Cathy Knight-Scott, Curate

curate profile

I was born in Dorset and we moved regularly while I was growing up, so while I can call myself a ‘southerner’ (we never lived north of East Anglia), that’s probably as located as my heritage gets. I had a strong interest in science from the age of 7 when I was given my first ever astronomy book. This blew me away and led, eleven years later, to studying physics at Cambridge where I was one of just a dozen or so girls in a class of 150+

A die-hard atheist for most of my life, I completely bought the idea that science and religion were incompatible. I also disliked ‘in-your-face’ Christians of my generation (I didn’t know any others) and their reputation as misogynist homophobes.

After leaving university I worked in research in the avionics industry, but after a few years was seduced by the large sums of money on offer by the city of London to people who could program computers. I made a career in the City for over 20 years, eventually becoming Head of training for Europe Middle East and Africa.

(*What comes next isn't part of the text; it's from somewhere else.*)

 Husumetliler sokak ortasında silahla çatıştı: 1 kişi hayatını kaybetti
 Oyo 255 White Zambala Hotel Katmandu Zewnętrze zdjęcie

During this time I had two children, Philip and Nicole, now in their early twenties (twins): one of the best things that ever happened to me.

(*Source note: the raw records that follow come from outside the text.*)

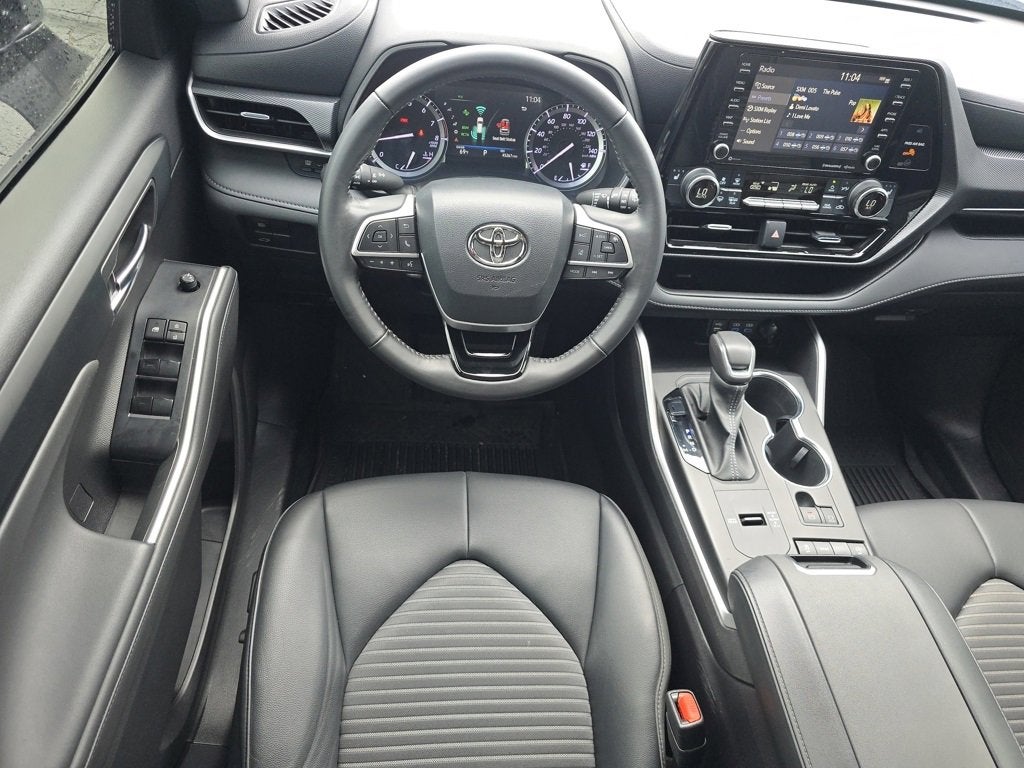 2022 Toyota Highlander XSE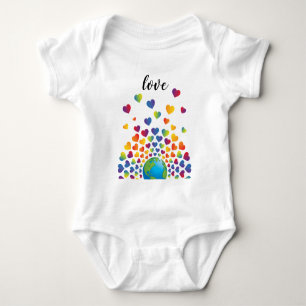 Elegant minimalistisk färgrik regnbåge hjärtdesign t shirt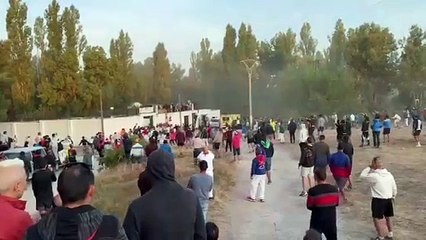 Un toro embiste a dos personas en el cuarto encierro de Cuéllar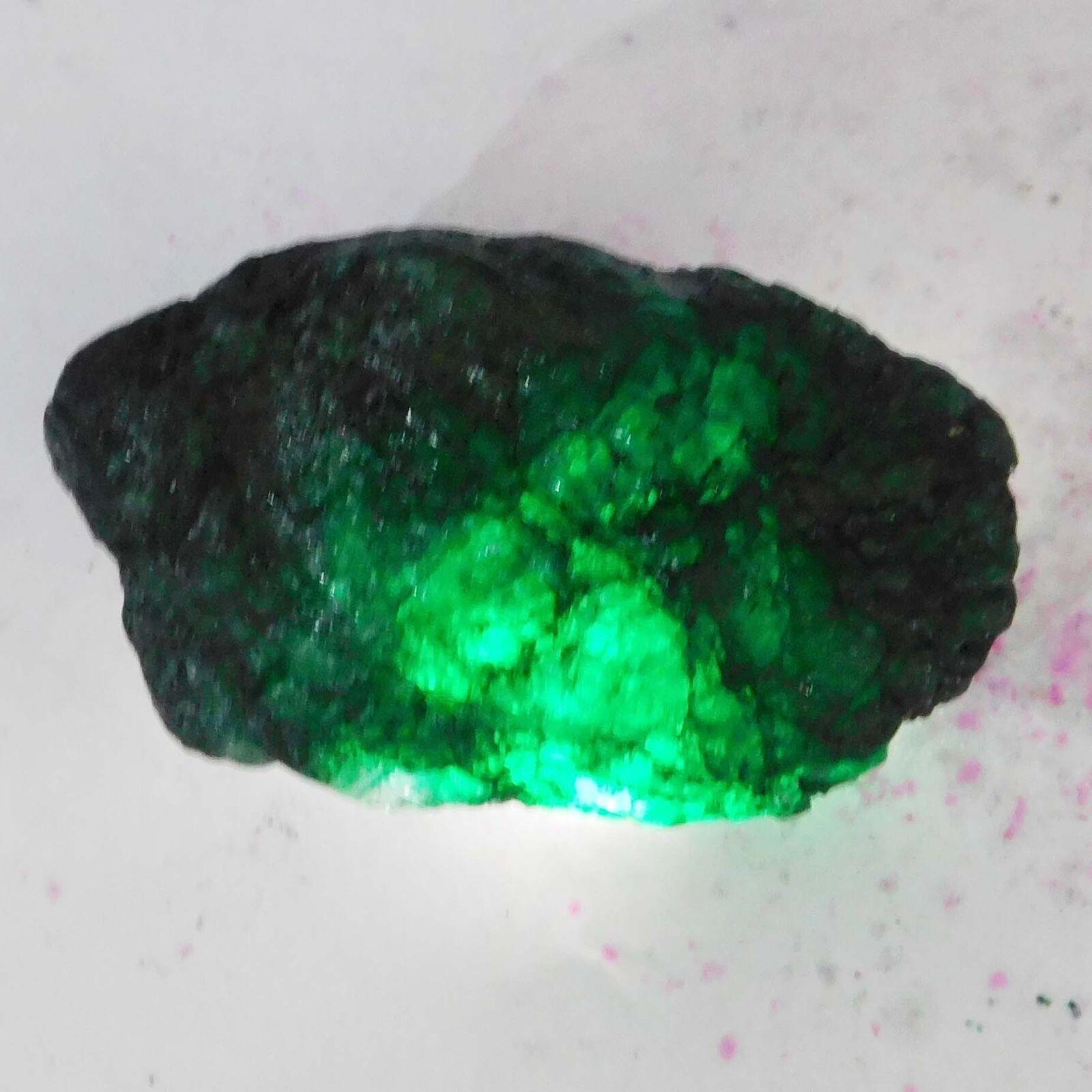

NATURAL 177 Ct Green Emerald Uncut Rough CERTIFIED Loose Gemstone For Gifting 45.6 mm Approx. зелений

When they were teenagers, my marriage fell apart – something I found devastating and I felt such a failure.

I took up meditation and I explored Buddhism for a few months and even went on a Buddhist retreat. But it was not to be: one momentous day I found myself in a small chapel, in floods of tears, knowing that was where I belonged, like it or not. Loved and lost and found and forgiven, it was my first experience of Grace.

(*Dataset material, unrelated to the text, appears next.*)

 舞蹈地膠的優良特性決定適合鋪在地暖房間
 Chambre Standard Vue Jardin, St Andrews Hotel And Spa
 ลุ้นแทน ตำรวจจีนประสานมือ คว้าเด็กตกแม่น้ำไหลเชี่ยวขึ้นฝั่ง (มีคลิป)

I left a career in the city knowing I was not following the right path: I am one of the few people for whom the banking crisis was fortunate, as I was able to volunteer and receive a redundancy payment sufficient to support my family while I re-trained as a physics teacher.

However, this just did not seem to be enough and within a few months I admitted that I should at least offer myself for the priesthood. Astonishingly I was accepted and I left to train in Oxford after just a year of teaching.

I am delighted to be serving my curacy in Orpington – I have found everyone, both in and out of church, to be friendly and welcoming.